The case is not weak, and there will be indictments, said G. Robert Langford, special agent in charge of the Buffalo FBI office.
"Absolutely, we have a strong case. As soon as the U.S. attorney's office gets through with it, there will be indictments," Langford said.
Langford said he could not comment when asked how many people would be indicted and whether Delano would be among them. He said his agency has focused its investigation on the misuse of city workers and materials, including more than 11 tons of missing swimming pool chlorine.
While declining to discuss indictments, Vacco said, "I will say that the community will get some answers on the management of the parks during the tenure of Robert Delano."

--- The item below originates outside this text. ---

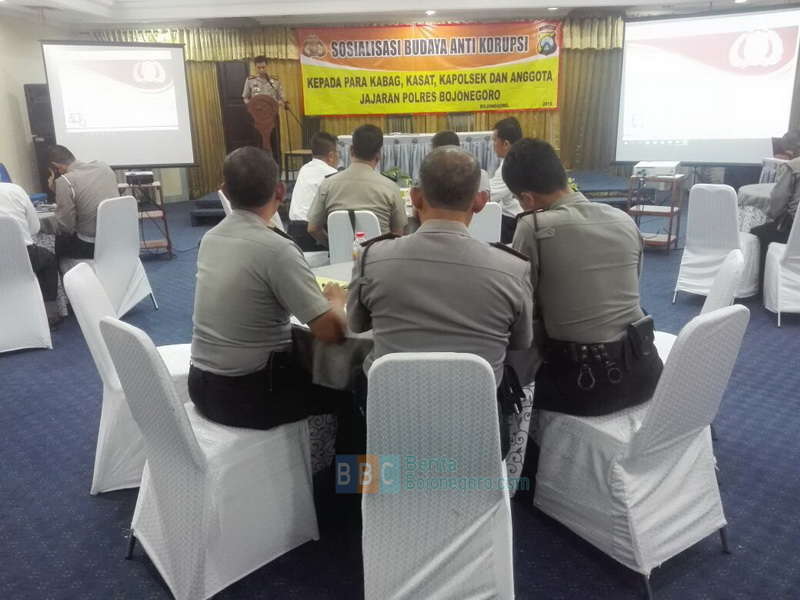 Polres Bojonegoro Sosialisasikan Budaya Anti Korupsi Kepada Anggota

While waiting for those answers, Thompson, who retired in February from the Parks Department, is keeping busy.
He became a controversial figure in the Parks Department story last year when his longtime battle with Delano was spotlighted. Thompson revealed that when he criticized Delano publicly in a January 1986 television interview, Delano assigned him to chip ice and shovel snow. Thompson would report each morning to a locked building and wait outside in freezing weather for a parks worker to pick him up for his day's job assignment. At 71, Thompson was the oldest worker in the city department at the time.
A rock also was hurled through Thompson's home window after the TV interview.
"I still get people telling me they are proud to know me for standing up to that," Thompson said. "Whenever I see people, they still want to know what is happening with the parks case."
But he also received a harassing telephone call about the parks case Wednesday, Thompson said.
Working conditions at the Parks Department have improved markedly since Delano was ousted in favor of Buczkowski, according to Scardino. Labor-management meetings -- never held during Delano's tenure -- have been held with Buczkowski. Overtime work assignments -- dispensed politically under Delano -- are handed out to all workers on a rotating basis.
"These workers are better off with Stan Buczkowski as their boss," Scardino said. "They couldn't continue to work under conditions the way they were."
Buczkowski refused to comment in any way about changes in the department since his replacement of Delano. He also declined to discuss morale in the department.
"It's not for me to judge me or the department I run," he said. "Let others judge it."